Unwrap the query using JpaHelper.getDatabaseQuery(Query), cast it
to a org.eclipse.persistence.queries.ReadQuery and call:
clearQueryResults(AbstractSession session). You can get the
session using the JpaHelper API as well.
-Tom
On 12/03/2012 11:56 AM, Tim Martin wrote:
mmm, but I think that only refreshes the
results for the returned objects ? Is
that a correct assumption ?
it wouldnt remove all results for all param values from the
cache for that named
query - meaning that the caller thats creating the named query
would need to
know to force a refresh - but it doesnt know as its not
responsible for doing
the updates...
our current scenario is :
static data updated generically in one ejb
when real business processing logic needs to get a piece of
static data it's
read by entity specific dao's
when a static data entity is updated I want to clear the caches
(I'm happy to
completely clear all caches at this point as it's very
infrequent).
so I was hoping to call a short helper function that would do
that - initially
by calling something like this here which would invalidate
everything
genericUpdateDao.clearQueryCaches(){
List<String> qNames = Helper.getCachedQueryNames();
for each qName {
Query q = em.createQuery(qName)
q.query.setHint("eclipselink.query-results-cache.size",1)
q.getResultList();
}
On 12/03/2012 15:38, Tom Ware wrote:
I suggest you use the refresh query
hint. That should refresh the cache.
On 12/03/2012 11:09 AM, Tim Martin wrote:
Is there anyway to force a cache clear
- I can see that
query.setHint(""eclipselink.query-results-cache.size",1)

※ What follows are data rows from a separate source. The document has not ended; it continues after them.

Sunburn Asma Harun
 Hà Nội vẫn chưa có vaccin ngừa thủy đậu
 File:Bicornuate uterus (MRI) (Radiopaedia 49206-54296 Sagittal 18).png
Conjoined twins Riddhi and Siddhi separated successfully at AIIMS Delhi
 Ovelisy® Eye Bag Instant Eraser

and then calling the query with parameters that would never
return a result
would clear the cache, BUT is there a better way ?
On 12/03/2012 13:12, Tom Ware wrote:
The query cache will not know to
refresh when a different persistence
operation changes one of the results held in the cache.
-Tom
On 12/03/2012 4:58 AM, Tim Martin wrote:
Tom - one further question re
queryResults caching -
if I run queryA which returns object X,Y,Z which are
cached
and then and update one of those objects, does the query
results cache know or
get told enough to clear the results for queryA so re
running it will go to
the
database instead of returning a stale result ?
thanks
http://wiki.eclipse.org/Introduction_to_EclipseLink_Queries_%28ELUG%29#How_to_Cache_Query_Results_in_the_Query_CacheHow
to Cache Query Results in the Query Cache
In addition to EclipseLink's object cache, EclipseLink
also supports a query
cache. There is the following distinction between the
two:
* The /object cache/ indexes objects by their primary
key, allowing primary
key queries to obtain cache hits. By using the
object cache, queries that
access the data source can avoid the cost of
building the objects and
their
relationships if the object is already present.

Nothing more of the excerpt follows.